I did get it working, but as I was putting final touches, I realized that Invoke(int y, Span<Rgba32> span) was giving me a span that I wasn't using. What is that span? Why was I not using it? Could I use it? Should I discard it?

This mattered to me because in my case these spans could be between 25,000 and 50,000 pixels long, and about that same number of spans could be allocated, so not doing that if it wasn't necessary seemed like a good idea. (It was possible that it's just returning a pointer to a particular place in already-allocated memory, which makes this less of an issue, but I wanted to know.)

My first guess was that the normal usecase for IterateRows involved looping over a source image, so maybe that span was like sourceRowSpan, and if that was true maybe I could somehow get the iterator to loop over the destination image and just return destinationRowSpan without me having to additionally get it inside the loop using DangerousGetRowSpan which sounds like the kind of method call that wears a leather jacket and disrespects your mother.

But I couldn't see how the iterator was even choosing where to get the span from at all, like my source and destination buffers were just members on my custom RowOperation class with no special relationship to the IRowOperation interface.

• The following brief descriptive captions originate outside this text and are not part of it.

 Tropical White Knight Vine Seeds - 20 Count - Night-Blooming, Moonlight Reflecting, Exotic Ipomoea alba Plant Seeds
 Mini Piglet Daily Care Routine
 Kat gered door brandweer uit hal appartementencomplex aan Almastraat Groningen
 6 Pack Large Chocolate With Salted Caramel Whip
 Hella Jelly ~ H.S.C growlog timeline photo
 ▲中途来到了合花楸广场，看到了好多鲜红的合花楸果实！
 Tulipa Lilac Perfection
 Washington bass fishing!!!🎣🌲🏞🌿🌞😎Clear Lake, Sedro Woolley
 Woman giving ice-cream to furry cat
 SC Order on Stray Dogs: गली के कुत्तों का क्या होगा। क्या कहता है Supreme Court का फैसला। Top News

So I looked inside the ParallelRowIterator class and followed the rabbit hole into RowOperationWrapper which seemed to be what was actually calling the Invoke, and I discovered 3 things:

The span being passed in was just a newly allocated memory span of whatever pixel type. So it WAS, in fact, allocating a bunch of memory for this and not just returning a pointer to the memory.
The span wasn't referencing either the source or destination image really, so I could safely ignore it if I wanted, which the originally suggested code de facto did, but what I mean is that I could explicitly discard it with _ if I wanted.
There is a whole other signature that doesn't allocate or pass a span at all! It just passes the row index, which is all I actually need!

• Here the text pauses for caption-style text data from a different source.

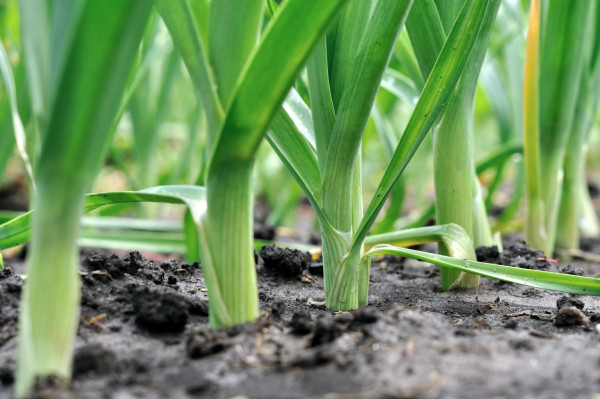 organically cultivated leek plantation Lavender-sprigs-in-lemon-drink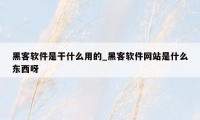黑客软件是干什么用的_黑客软件网站是什么东西呀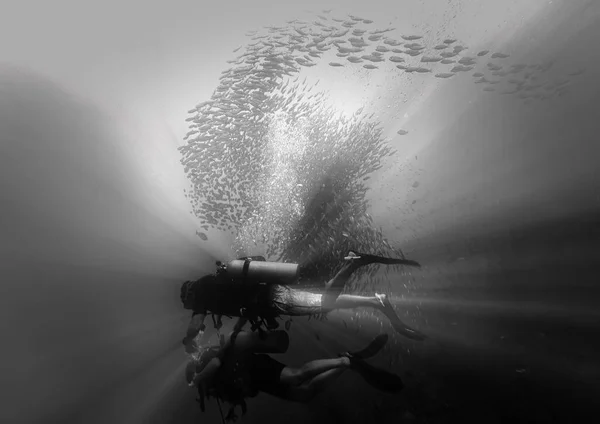 Prachtige Artistieke Onderwaterfoto Zwart Wit Van Duiker Een School Vissen — Stockfoto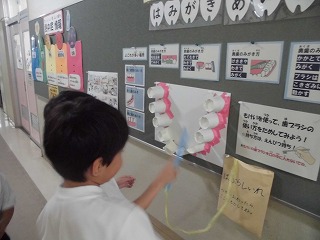 3970-3.jpg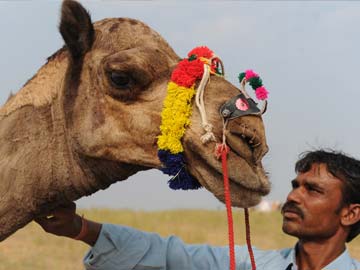 At world-famous Pushkar fair, business is very slow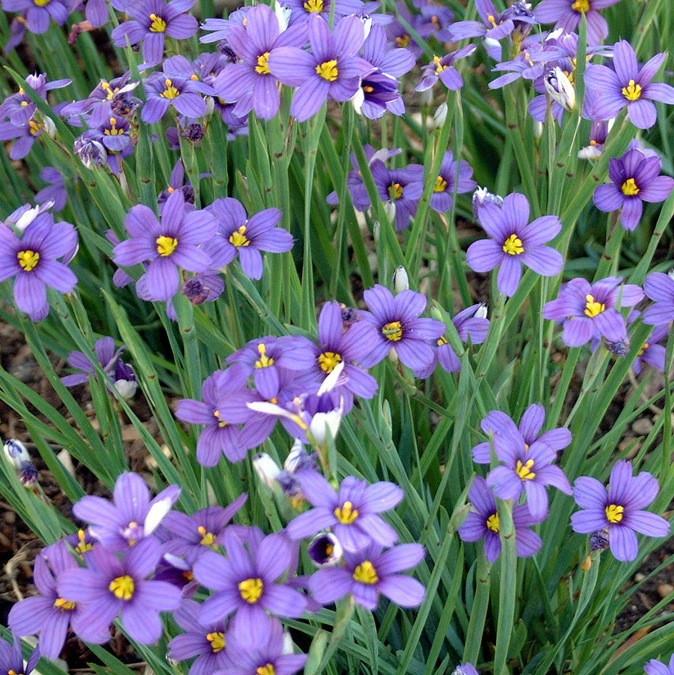 Miecznica wąskolistna Sisyrinchium angustifolium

So having discovered that, I modified the originally suggested code as follows:

using Image<Rgba32> source = new(100, 100);
using Image<Rgba32> destination = new(100, 100);

Configuration configuration = Configuration.Default;

// You need access to individual frame pixel buffers in order
// to access some of the advanced APIs
RowOperation operation = new RowOperation(
configuration,
source.Frames[0].PixelBuffer,
destination.Frames[0].PixelBuffer);

// Ensure we don't go out of bounds
var interest = Rectangle.Intersect(source.Bounds(), destination.Bounds());
ParallelRowIterator.IterateRows<RowOperation>(
                configuration,
                interest,
                in operation);

// Save the output.

private readonly struct RowOperation : IRowOperation
{
    private readonly Random random;
    private readonly Buffer2D<Rgba32> source;
    private readonly Buffer2D<Rgba32> destination;
    private readonly Configuration configuration;

    public RowOperation(
        Configuration configuration,
        Buffer2D<Rgba32> source,
        Buffer2D<Rgba32> destination)
    {

        this.source = source;
        this.destination = destination;
        this.random = new();
        this.configuration = configuration;
    }

    public void Invoke(int y)
    {
        Span<Rgba32> destinationRowSpan = this.destination.DangerousGetRowSpan(y);
        for (int x = 0; x < destinationRowSpan.Length; x++)
        {
            destinationRowSpan[x] = this.GetRandomPixel();
        }
    }

    private Rgba32 GetRandomPixel()
    {
        int y = this.random.Next(this.source.Height);
        int x = this.random.Next(this.source.Width);
        return this.source[x, y];
    }
}

Basically I made RowOperation implement IRowOperation instead of IRowOperation<Rgba32>, and invoked it with .IterateRows<RowOperation>() instead of .IterateRows<RowOperation, Rgba32>(), which invokes with just the row index instead of the row index plus Span object.